BY Dr. Elizabeth Ashman Rowe
Flateybok is unique among Icelandic manuscripts for many reasons—it is the biggest, it is the most beautifully decorated, and we know the most about it. Flateybok itself tells us the name of its patron, Jon Håkonsson, the names of its two scribes, Jon Tordsson and Magnus Torhallsson, the year it was started, 1387, and the year it was finished, 1394. What it does not tell us is why it was made. Jon Håkonsson was a wealthy man who liked sagas and who owned other manuscripts; perhaps he just wanted to add to his collection. But his other manuscripts are much plainer than Flateybok, and Flateybok is so unusual that some scholars, including myself, think it must have been made with a special purpose in mind—to be a gift for the king of Norway, Olav IV. Its size and decoration make it a gift fit for any king, but it would have been particularly appropriate for King Olav because he was named after Olav den Hellige, and Flateybok features the longest version of the saga about this king.
There was also a special reason to give Olav a copy of Olav’s saga.

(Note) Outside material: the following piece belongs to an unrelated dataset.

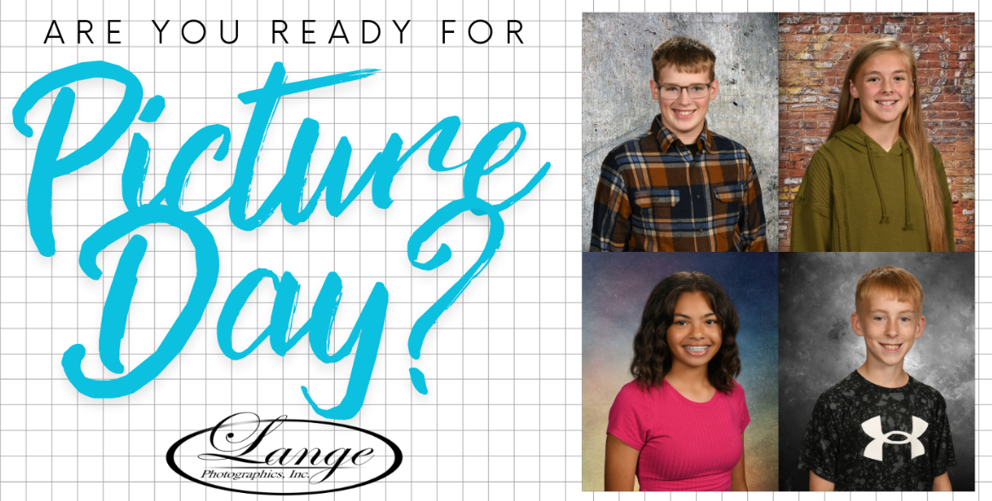 Are You Ready for Picture Day?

Olav IV was a boy king—only seventeen years old when Flateybok was made. His father, King Håkon Magnusson the Younger, Håkon VI, had died when Olav was ten. Håkon’s queen, the Danish princess Margrete, was ruling Norway until Olav was old enough to rule by himself. We can easily imagine that as the time approached when Olav would be king in his own right, the Icelander Jon Håkonsson—whose father had been named after Olav’s father—hoped that the young king would be a wise and good ruler and would not forget about his subjects in Iceland.

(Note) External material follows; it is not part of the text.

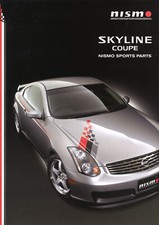 [Catalog] 2003 Nissan V35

We should not be surprised that Jon Håkonsson used an indirect method to educate young Olav. Although there were books about how to be a good king, such as Konge-speilet, which King Håkon den gamle, Håkon IV, had written for his sons around 1250, it is one thing for a king to tell his sons how to rule; it is quite another thing for an Icelander to offer instruction! Instead, Jon Håkonsson conveyed his lessons to Olav through stories and pictures. Reading stories in the Middle Ages was not like reading today. As you know, some kinds of stories involve a task or job for the reader. For example, in detective stories, our task is to solve the mystery. In the Middle Ages, the task for the reader was an ethical one. Even when they were being entertained, readers were supposed to judge the characters and to act on their judgments. The task of the reader was to imitate the good behaviour and to avoid imitating the bad behaviour.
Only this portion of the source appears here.